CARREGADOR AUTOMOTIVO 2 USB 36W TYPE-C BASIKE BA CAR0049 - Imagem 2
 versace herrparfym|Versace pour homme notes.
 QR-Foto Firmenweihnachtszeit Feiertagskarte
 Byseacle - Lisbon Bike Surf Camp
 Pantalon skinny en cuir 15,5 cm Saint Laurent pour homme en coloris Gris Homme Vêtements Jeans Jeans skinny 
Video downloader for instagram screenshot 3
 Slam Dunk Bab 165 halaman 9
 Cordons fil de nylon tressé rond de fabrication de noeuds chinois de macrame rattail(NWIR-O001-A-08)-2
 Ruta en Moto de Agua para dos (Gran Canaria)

**Instructions for the task:**
Reproduce each line of the entries above from the one containing "Byseacle - Lisbon Bike Surf Camp" through the last, exactly, and no other line.

**Response to this task:**
 Byseacle - Lisbon Bike Surf Camp
 Pantalon skinny en cuir 15,5 cm Saint Laurent pour homme en coloris Gris Homme Vêtements Jeans Jeans skinny 
Video downloader for instagram screenshot 3
 Slam Dunk Bab 165 halaman 9
 Cordons fil de nylon tressé rond de fabrication de noeuds chinois de macrame rattail(NWIR-O001-A-08)-2
 Ruta en Moto de Agua para dos (Gran Canaria)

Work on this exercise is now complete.